Exercise objective
The answer must be one number: how many lines in the records below contain the string "with".

Input for this task

=== Begin Enclosure ===

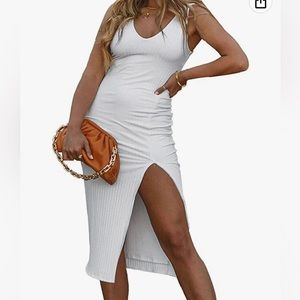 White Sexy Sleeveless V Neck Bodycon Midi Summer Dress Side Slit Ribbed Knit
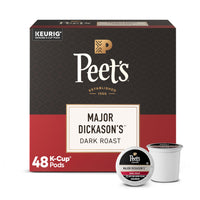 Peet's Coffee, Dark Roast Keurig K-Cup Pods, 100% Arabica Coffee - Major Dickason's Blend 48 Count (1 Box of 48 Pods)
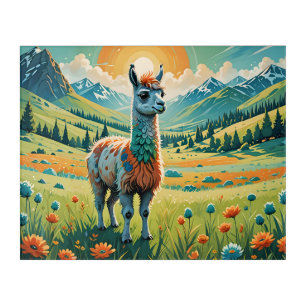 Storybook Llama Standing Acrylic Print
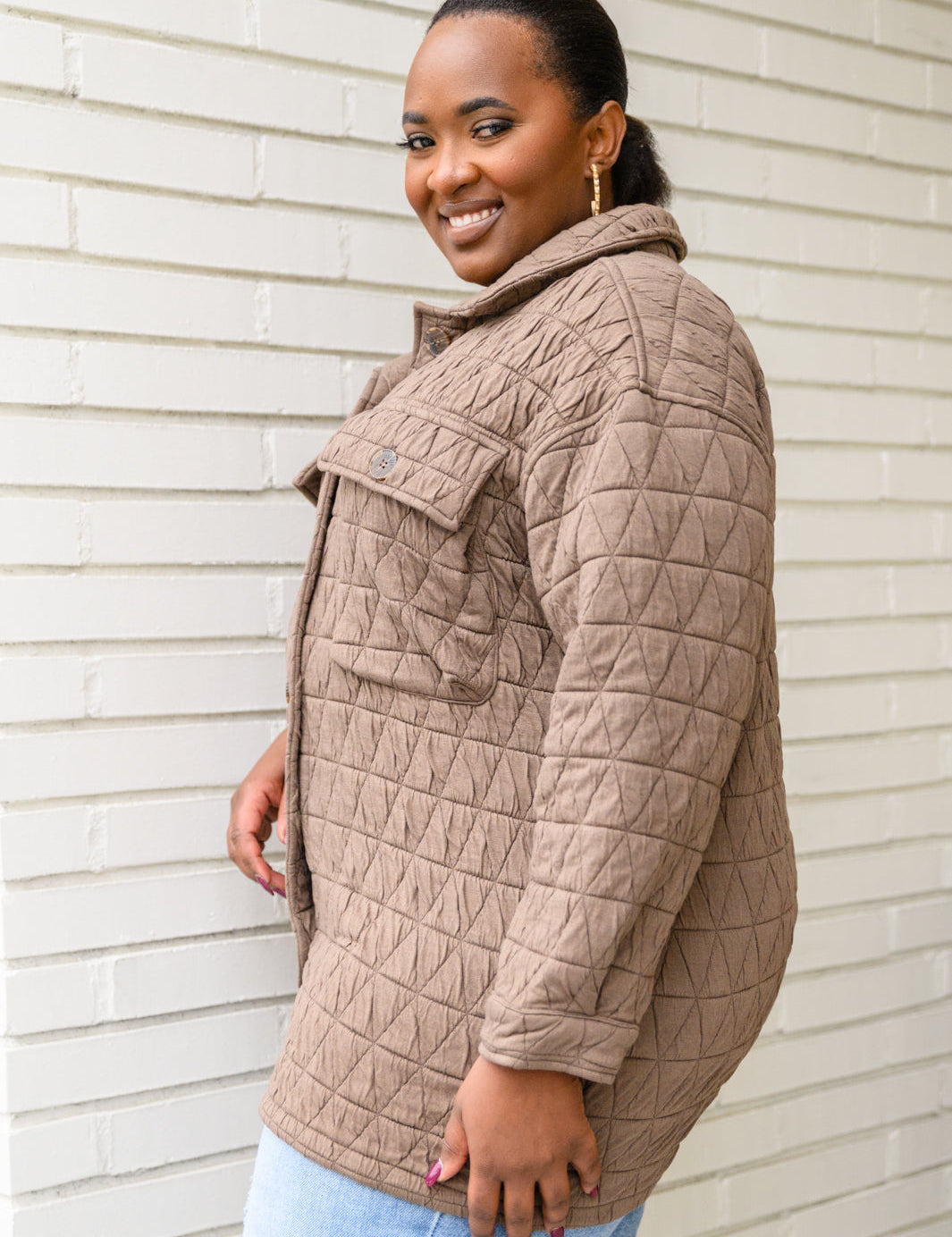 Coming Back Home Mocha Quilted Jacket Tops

=== End Enclosure ===
=== Begin Enclosure ===

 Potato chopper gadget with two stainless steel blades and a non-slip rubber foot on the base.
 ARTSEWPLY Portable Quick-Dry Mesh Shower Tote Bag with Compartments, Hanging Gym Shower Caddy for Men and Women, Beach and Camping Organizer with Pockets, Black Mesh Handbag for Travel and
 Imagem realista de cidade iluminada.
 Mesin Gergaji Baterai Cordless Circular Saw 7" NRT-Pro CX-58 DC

=== End Enclosure ===
=== Begin Enclosure ===

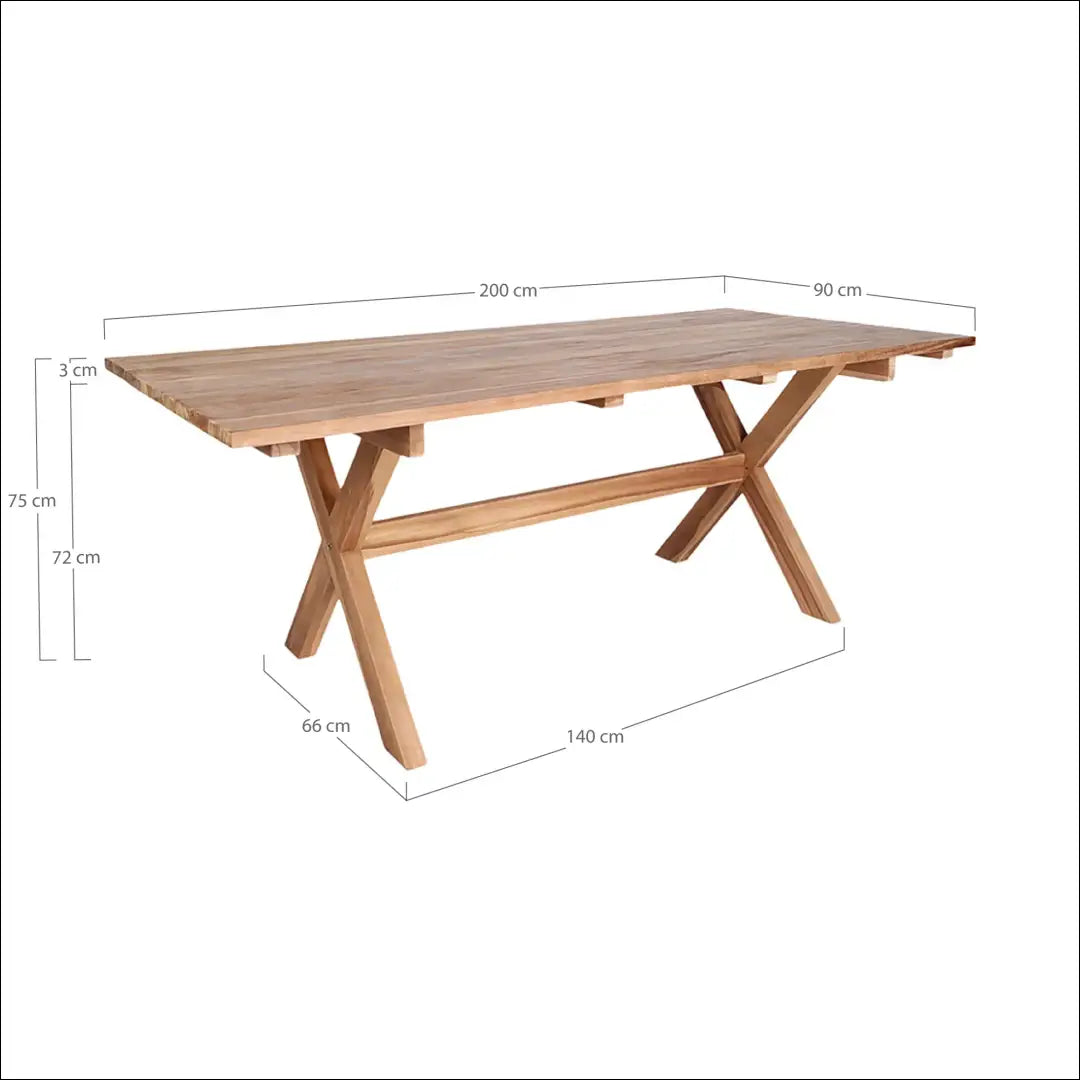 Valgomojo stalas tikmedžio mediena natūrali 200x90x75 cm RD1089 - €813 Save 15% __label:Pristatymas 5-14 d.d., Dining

=== End Enclosure ===

Solution
2